Dozens of people have been killed and three villages burned to the ground in South Sudan in an apparent tribal revenge attack, according to local officials.

Up to 400 men from the Murle ethnic group attacked the Lou Nuer villages in Uror county on Wednesday, an official in Jonglei state told The Associated Press on Friday.

Simon Hoth, a county commissioner, said 57 people had been killed and another 40 believed to have been abducted. He said 25 women and 23 children were among the dead, while another 52 people were left wounded.

“They have butchered these people,” said Hoth, a member of the Lou Nuer. So far, there has been no independent verification of the figures provided by Hoth.

Murle fighters were accused of killing 22 in similar attacks in neighboring Akobo county on Sunday.

Retaliatory attacks

The Uror county was also the scene of a Murle attack in August which led to the deaths of an estimated 600 Lou Nuer.

Those attacks prompted a series of retaliatory raids by the Lou Nuer in Pibor county.
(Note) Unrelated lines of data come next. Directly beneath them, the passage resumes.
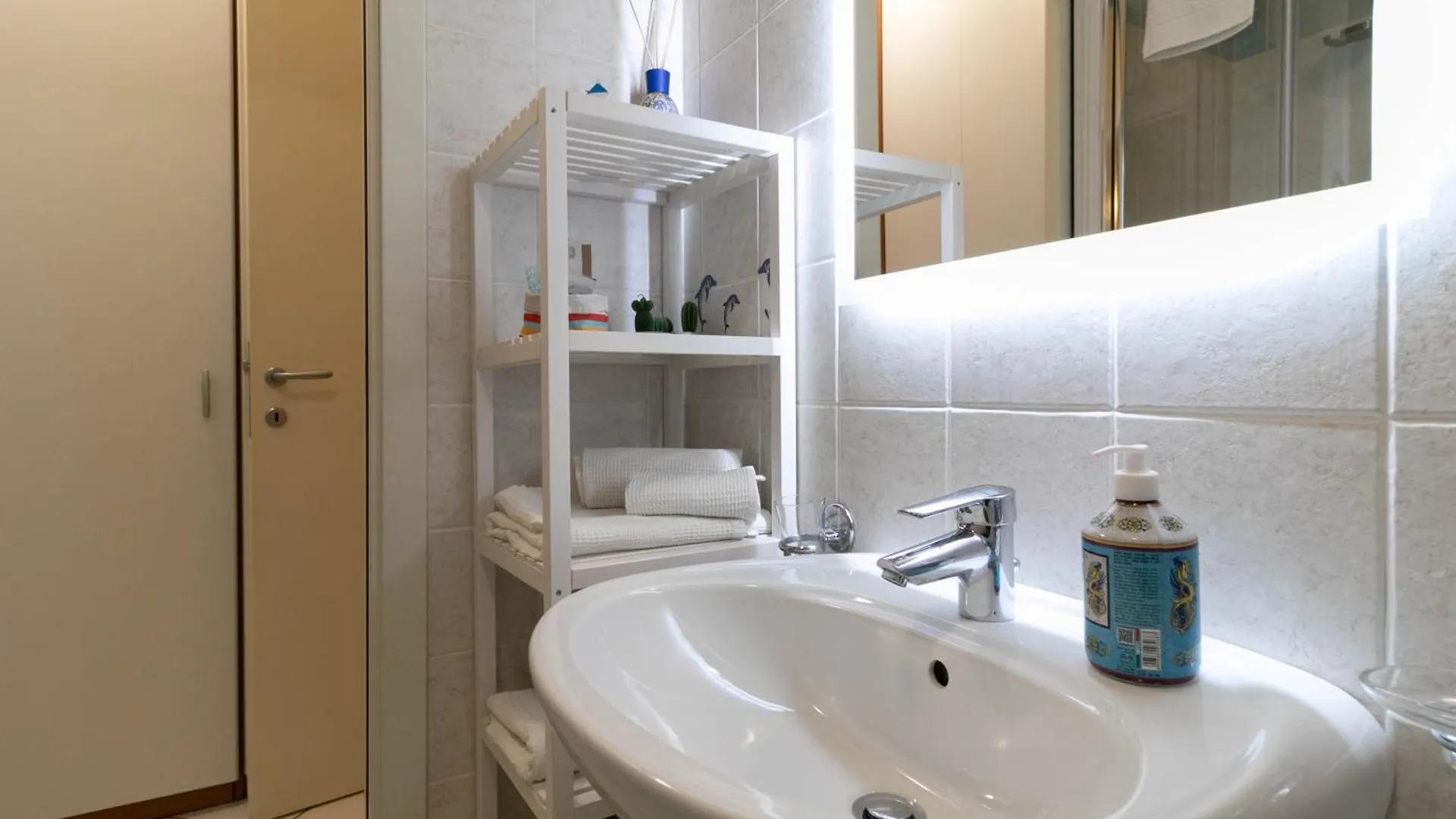Welcomely - Casa Lisander Lecco Apartment
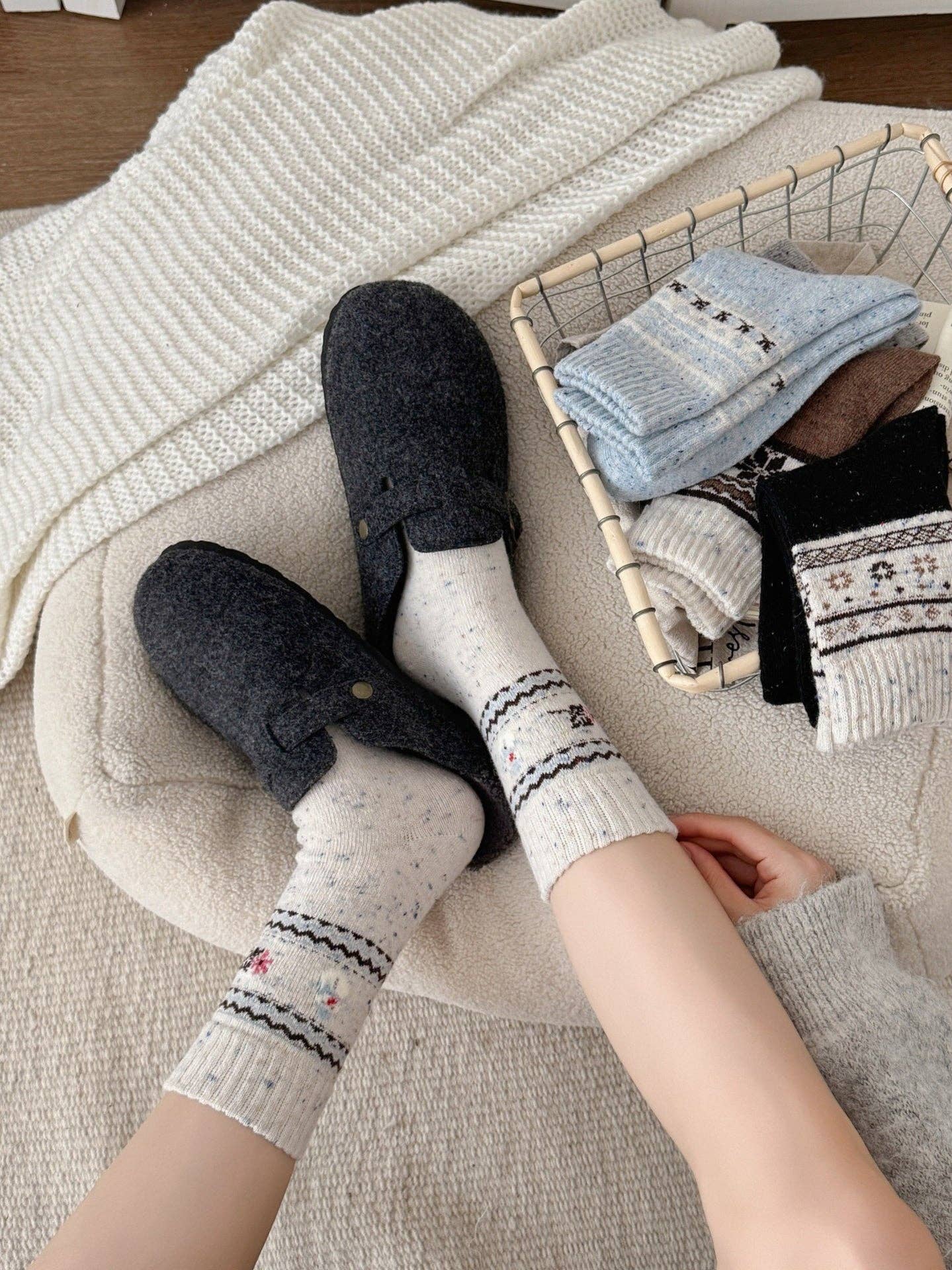 Retro Mid-Calf Socks with Snowflakes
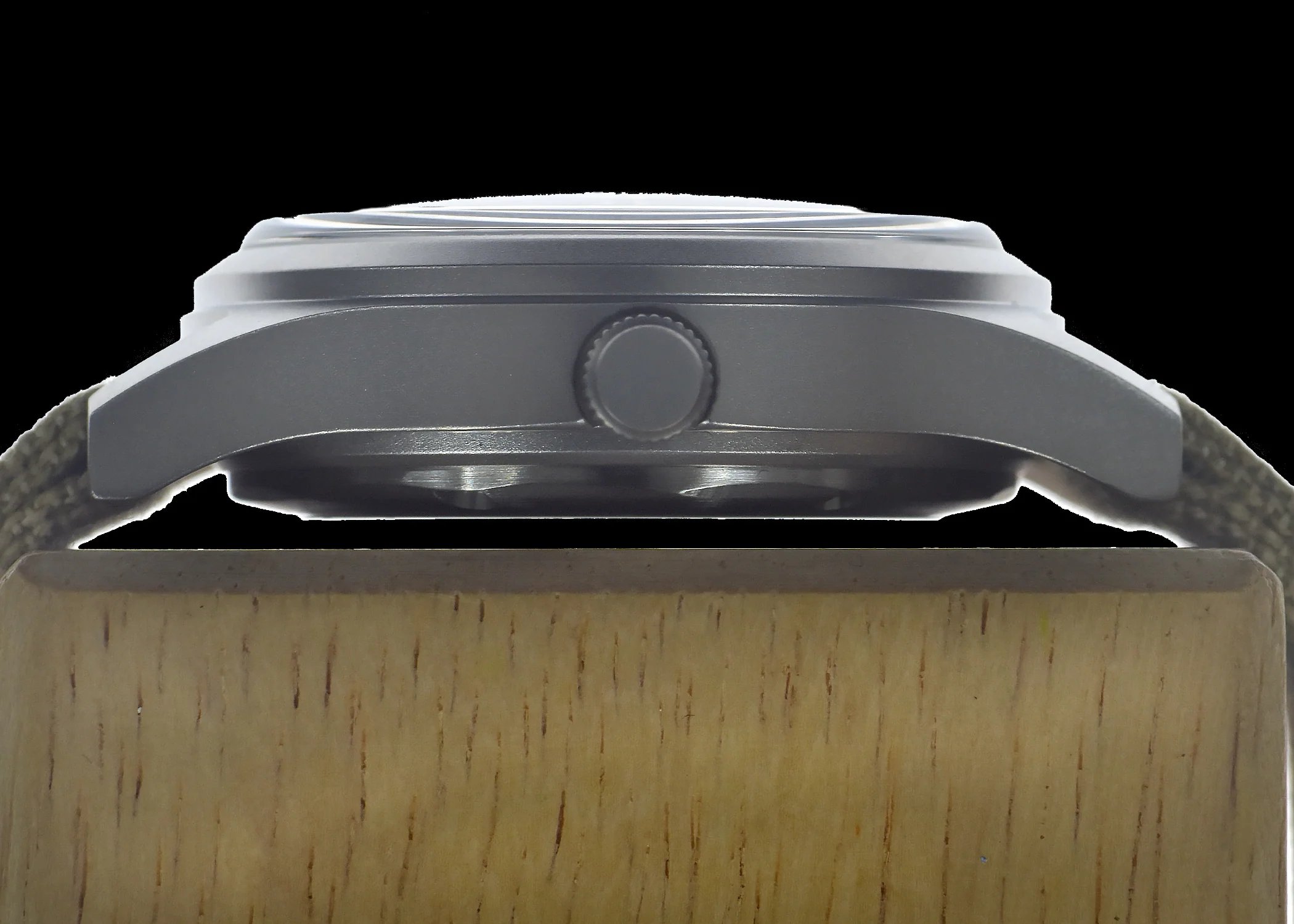 GG-W-113 U.S 1960s Pattern Automatic 100m/330ft Water Resistant Military Watch with Shatter and Scratch Resistant Sapphire Box Crystal - Image 5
One Murle official has said that 3,000 Murle died in those attacks.

Neither the central government nor the U.N. has confirmed that figure, but scores are feared to have died.

The state of Jonglei has been the site of on-going violence in the last three weeks and the government of the world’s newest nation recently declared it a disaster area.

The United Nations mission in South Sudan estimates at least 60,000 people have been affected by the ongoing violence in Jonglei.